**Aim of the exercise**
Using the entries that follow, count the lines containing the word "Drive" and give that number by itself.

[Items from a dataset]
== Segment start ==
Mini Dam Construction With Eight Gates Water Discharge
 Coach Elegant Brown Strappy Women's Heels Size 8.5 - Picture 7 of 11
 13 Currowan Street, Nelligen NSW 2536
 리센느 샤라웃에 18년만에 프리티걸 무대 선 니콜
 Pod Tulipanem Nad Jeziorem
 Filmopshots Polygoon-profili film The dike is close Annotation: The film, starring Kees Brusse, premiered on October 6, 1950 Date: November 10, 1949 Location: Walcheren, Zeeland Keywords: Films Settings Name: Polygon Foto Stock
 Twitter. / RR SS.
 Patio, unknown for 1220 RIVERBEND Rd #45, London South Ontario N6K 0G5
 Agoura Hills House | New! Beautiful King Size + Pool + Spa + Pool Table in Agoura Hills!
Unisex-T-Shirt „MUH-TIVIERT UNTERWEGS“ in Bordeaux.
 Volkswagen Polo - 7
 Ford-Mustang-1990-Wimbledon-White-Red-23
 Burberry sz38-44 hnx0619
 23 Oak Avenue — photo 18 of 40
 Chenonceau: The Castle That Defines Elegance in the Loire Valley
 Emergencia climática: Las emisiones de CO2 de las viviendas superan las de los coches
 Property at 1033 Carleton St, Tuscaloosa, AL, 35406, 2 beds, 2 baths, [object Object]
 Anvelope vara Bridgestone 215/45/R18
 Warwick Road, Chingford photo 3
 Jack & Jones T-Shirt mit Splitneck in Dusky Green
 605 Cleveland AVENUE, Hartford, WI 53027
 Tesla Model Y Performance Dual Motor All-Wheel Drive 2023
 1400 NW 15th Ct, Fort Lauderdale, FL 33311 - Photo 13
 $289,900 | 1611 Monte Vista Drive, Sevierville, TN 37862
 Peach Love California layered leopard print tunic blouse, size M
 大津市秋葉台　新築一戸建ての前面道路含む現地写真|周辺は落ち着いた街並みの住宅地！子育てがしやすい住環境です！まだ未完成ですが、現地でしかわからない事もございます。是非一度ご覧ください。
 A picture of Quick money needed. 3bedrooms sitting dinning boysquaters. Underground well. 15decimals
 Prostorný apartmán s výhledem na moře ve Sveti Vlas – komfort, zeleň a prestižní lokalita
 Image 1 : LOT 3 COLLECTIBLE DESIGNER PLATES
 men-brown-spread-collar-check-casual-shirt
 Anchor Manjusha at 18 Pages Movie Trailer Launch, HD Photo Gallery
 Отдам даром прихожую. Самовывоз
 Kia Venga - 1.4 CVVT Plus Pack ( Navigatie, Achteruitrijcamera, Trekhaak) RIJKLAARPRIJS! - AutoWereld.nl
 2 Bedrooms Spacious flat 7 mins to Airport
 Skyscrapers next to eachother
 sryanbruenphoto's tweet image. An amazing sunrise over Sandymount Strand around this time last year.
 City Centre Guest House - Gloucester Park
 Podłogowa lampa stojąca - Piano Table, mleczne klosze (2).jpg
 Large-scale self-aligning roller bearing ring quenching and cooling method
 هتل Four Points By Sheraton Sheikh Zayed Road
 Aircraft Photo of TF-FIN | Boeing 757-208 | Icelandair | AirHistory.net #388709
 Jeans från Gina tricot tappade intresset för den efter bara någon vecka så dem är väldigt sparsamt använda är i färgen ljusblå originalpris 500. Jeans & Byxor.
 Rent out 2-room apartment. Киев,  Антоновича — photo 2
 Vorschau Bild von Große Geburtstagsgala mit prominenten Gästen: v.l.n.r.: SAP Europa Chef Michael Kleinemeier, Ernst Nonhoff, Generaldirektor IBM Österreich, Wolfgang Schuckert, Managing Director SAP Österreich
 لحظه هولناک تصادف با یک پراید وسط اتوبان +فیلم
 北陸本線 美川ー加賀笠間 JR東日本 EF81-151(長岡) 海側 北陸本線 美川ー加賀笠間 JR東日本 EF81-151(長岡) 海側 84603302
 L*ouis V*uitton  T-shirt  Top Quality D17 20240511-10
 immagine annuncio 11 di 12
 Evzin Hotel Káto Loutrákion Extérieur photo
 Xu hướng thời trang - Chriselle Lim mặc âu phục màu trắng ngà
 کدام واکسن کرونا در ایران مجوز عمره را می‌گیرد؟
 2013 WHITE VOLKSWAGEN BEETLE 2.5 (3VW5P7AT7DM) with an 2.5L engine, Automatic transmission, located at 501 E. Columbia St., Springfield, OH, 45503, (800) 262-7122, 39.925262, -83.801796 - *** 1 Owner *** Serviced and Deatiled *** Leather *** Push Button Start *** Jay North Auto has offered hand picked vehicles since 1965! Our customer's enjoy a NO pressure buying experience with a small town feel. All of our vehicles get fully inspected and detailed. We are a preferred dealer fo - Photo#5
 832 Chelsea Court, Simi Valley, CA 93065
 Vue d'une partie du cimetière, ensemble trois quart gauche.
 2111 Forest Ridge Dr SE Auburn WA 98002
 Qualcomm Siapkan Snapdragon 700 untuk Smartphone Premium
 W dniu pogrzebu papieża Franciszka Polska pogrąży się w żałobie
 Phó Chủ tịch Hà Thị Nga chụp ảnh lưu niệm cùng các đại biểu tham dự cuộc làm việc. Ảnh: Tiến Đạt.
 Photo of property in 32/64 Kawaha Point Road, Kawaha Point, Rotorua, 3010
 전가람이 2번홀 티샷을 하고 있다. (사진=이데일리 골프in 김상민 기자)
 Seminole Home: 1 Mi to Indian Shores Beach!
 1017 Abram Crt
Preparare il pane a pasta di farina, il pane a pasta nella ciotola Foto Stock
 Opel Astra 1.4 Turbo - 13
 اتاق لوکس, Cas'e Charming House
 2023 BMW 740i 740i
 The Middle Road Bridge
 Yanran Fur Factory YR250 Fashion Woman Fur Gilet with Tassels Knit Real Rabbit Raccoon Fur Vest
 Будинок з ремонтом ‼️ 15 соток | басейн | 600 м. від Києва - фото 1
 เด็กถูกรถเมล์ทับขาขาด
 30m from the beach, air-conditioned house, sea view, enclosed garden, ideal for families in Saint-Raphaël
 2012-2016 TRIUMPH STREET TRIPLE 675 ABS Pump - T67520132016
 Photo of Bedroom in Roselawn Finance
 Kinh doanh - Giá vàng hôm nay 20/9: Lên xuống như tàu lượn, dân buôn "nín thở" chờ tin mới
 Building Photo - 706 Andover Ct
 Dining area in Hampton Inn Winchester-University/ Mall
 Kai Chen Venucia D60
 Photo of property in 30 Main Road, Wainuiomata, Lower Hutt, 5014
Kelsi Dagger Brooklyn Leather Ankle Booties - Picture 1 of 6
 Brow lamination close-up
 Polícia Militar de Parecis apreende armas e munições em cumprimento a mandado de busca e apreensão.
== Segment end ==
**Response to this exercise**
2